** Work item **
An exact transcription of the entries is required, with no images included.

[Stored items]
((

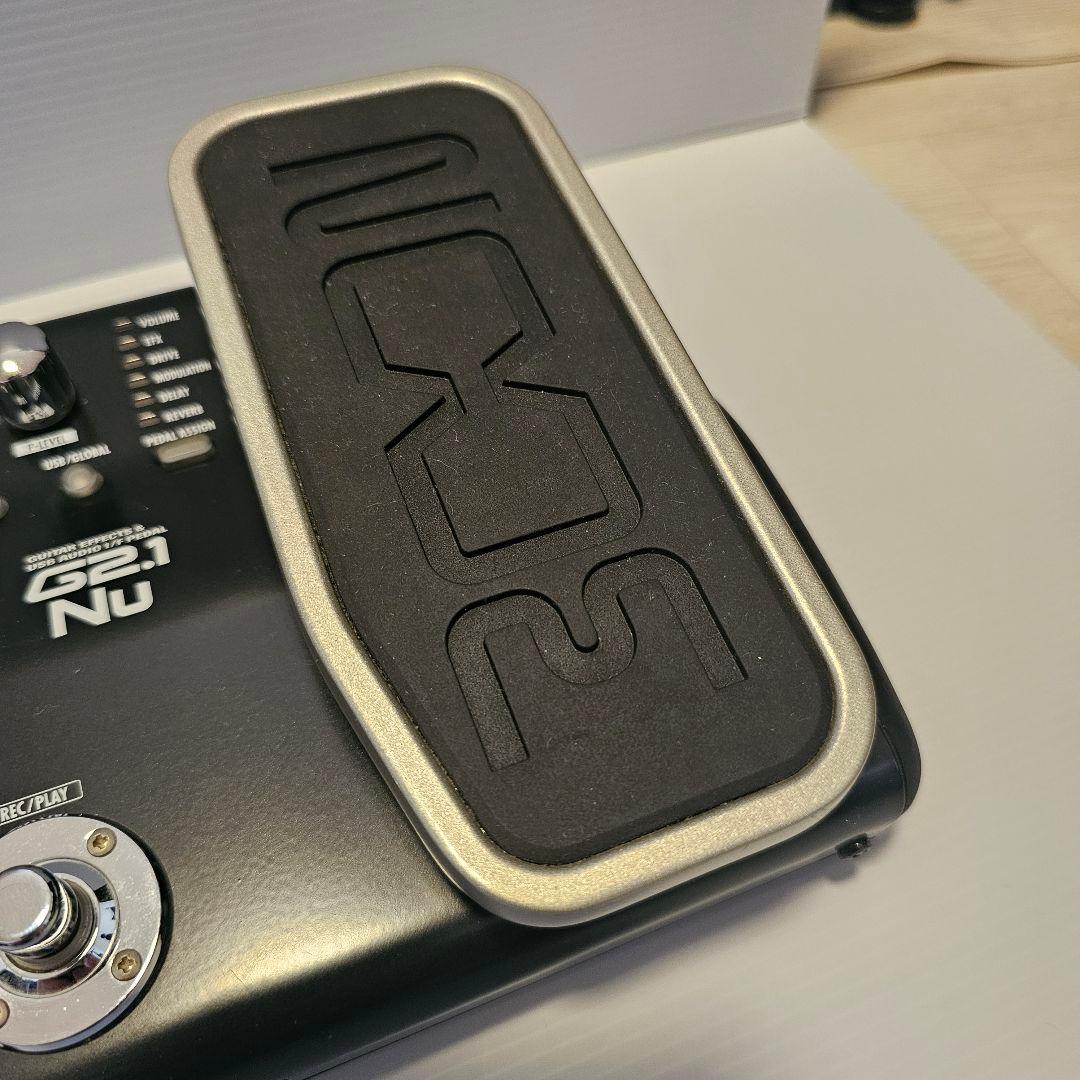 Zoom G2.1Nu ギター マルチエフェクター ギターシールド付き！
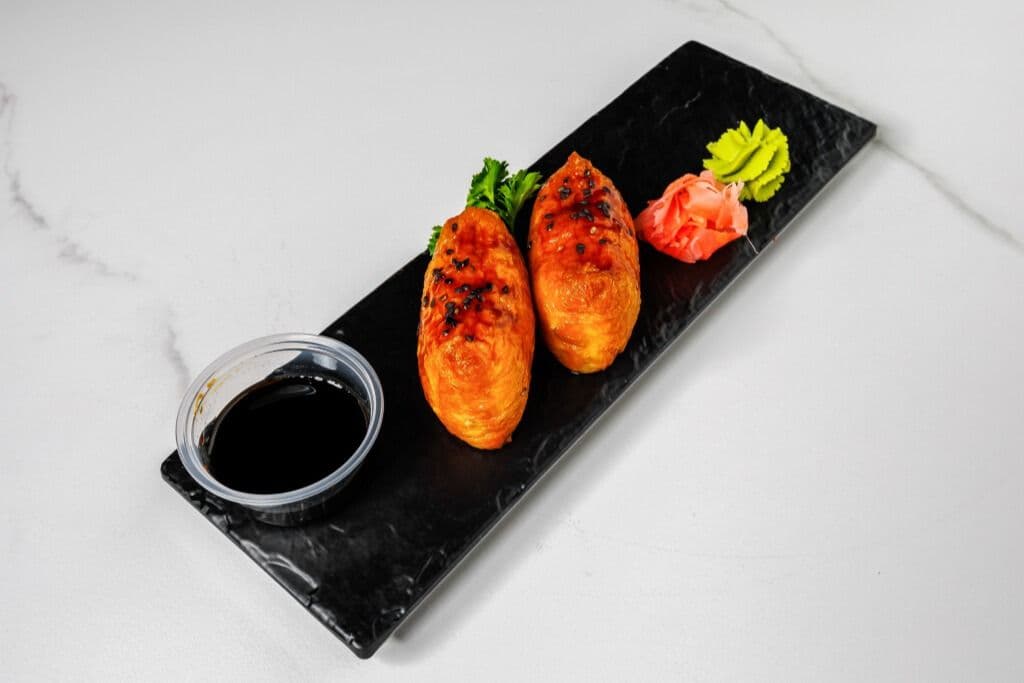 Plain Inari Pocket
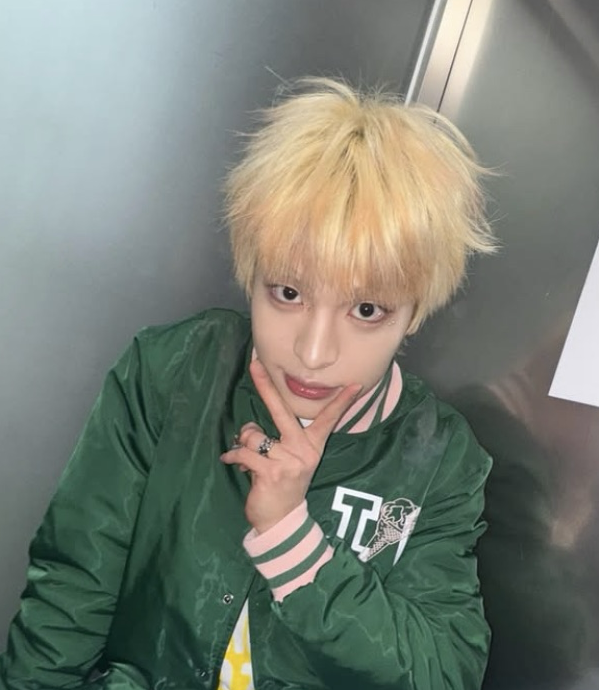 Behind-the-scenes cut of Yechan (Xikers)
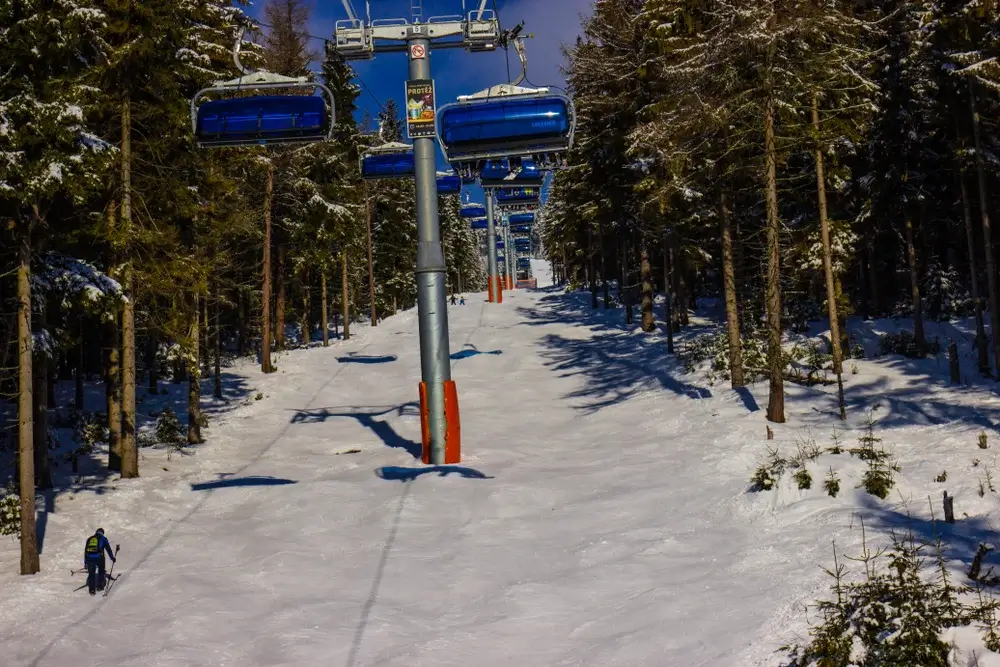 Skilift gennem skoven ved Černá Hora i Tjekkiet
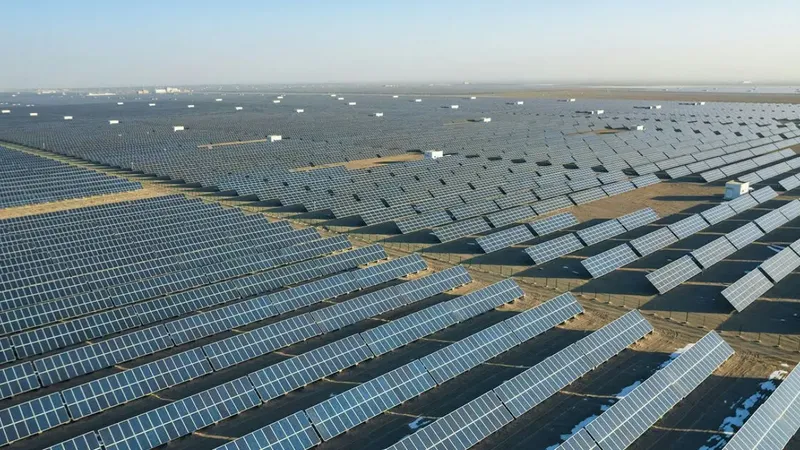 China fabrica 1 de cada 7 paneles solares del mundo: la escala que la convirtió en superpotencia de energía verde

))

** Exercise output **
 Zoom G2.1Nu ギター マルチエフェクター ギターシールド付き！
 Plain Inari Pocket
 Behind-the-scenes cut of Yechan (Xikers)
 Skilift gennem skoven ved Černá Hora i Tjekkiet
 China fabrica 1 de cada 7 paneles solares del mundo: la escala que la convirtió en superpotencia de energía verde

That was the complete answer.